This project computes the area of a polygon shape, composed of three or more points, or a group of shapes using the Monte Carlo method.
- algebraic data types and their representation as case classes
- pattern matching
- recursive functions
- relationship with composite, decorator, and visitor patterns
- test-driven development (TDD) in Scala and Intellij IDEA
- some simple computational geometry problems
- Monte Carlo method
The features of this program can be viewed through the implementation of the test suites.
Code references:
To run the tests:
sbt test
To determine test coverage:
sbt coverage test
Then open this file in a web browser:
target/scala-2.10/scoverage-report/index.html
As I was coding what I considered one of the most difficult parts, checking if line segments intersect, I found that it was better to pull as many smaller functions and methods as I could out of lineLineIntersect into the lineSegment case.

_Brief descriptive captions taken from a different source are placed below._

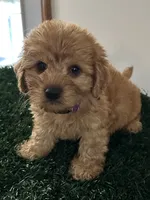 Bear, a male Cavapoo for sale in Pleasantville, TN – 2 of 8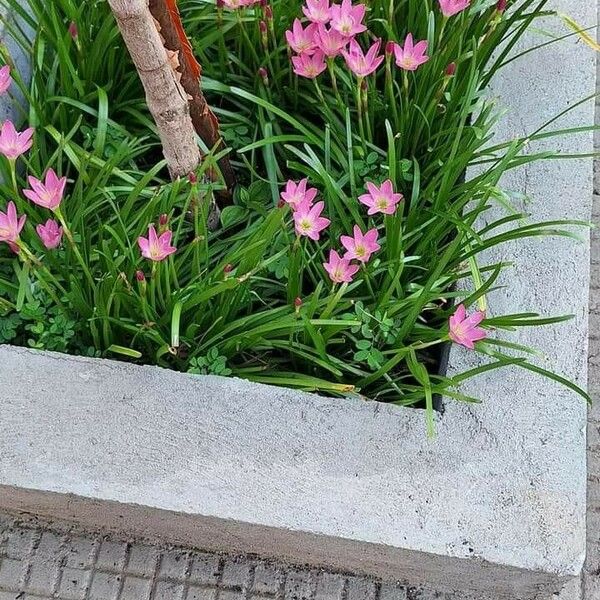 Zephyranthes rosea 花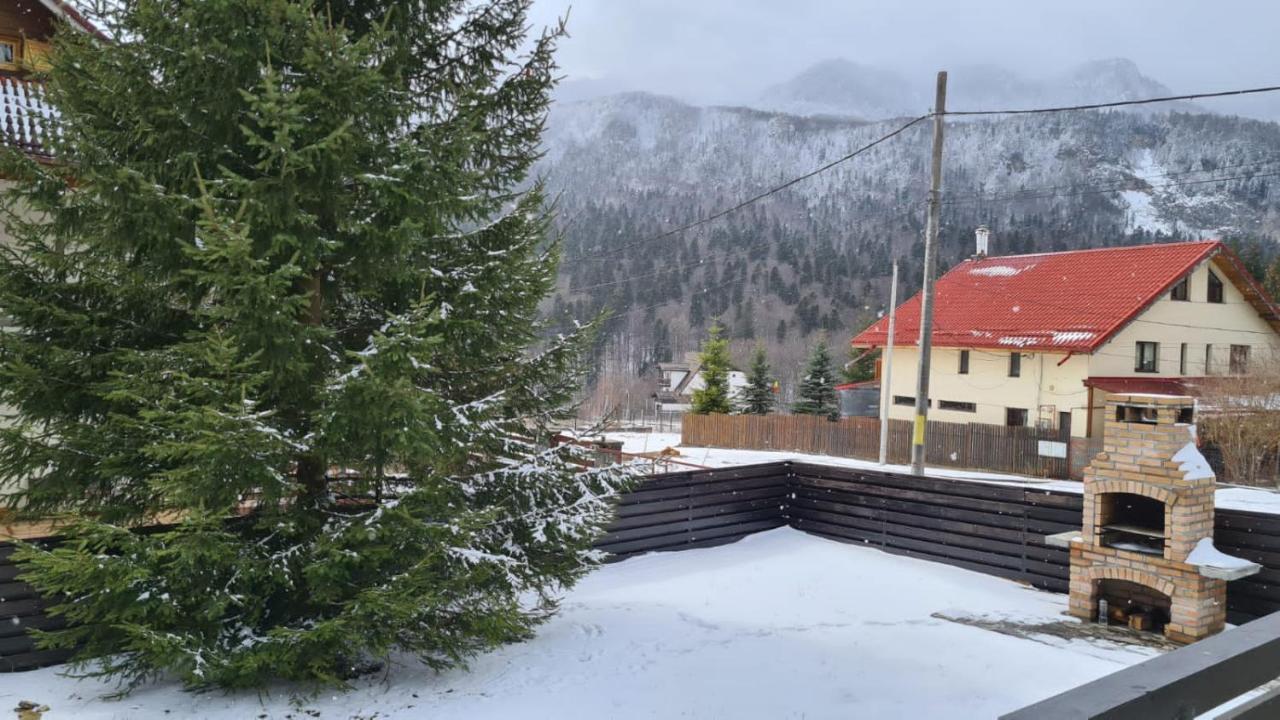 Nordic Chalet Σινάια Εξωτερικό φωτογραφία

It allowed me to debug and test the code more easily by first running the outer methods and functions that were then used to determine if two line segments intersect.
The behaviors of checking if a point can be found inside a shape, determining the location and rectangle components of a shape's bounding box, and computing the area of a shape are all abstractly implemented as objects and use pattern matching. This abstraction allows for the reuse of the rectangle and polygon cases when applying these behaviors to a group of shapes or shapes transposed to a different location.
At first, I had the pointInsideShape function inside the polygon case class, but when I wanted to use the function on a group of shapes, I realized it there would be a lot of DRY code. I also made the bounding box and area computations abstract because it's easier to modify the behavior as needed for the location and group cases. It also makes it easier to account for overlapping shapes.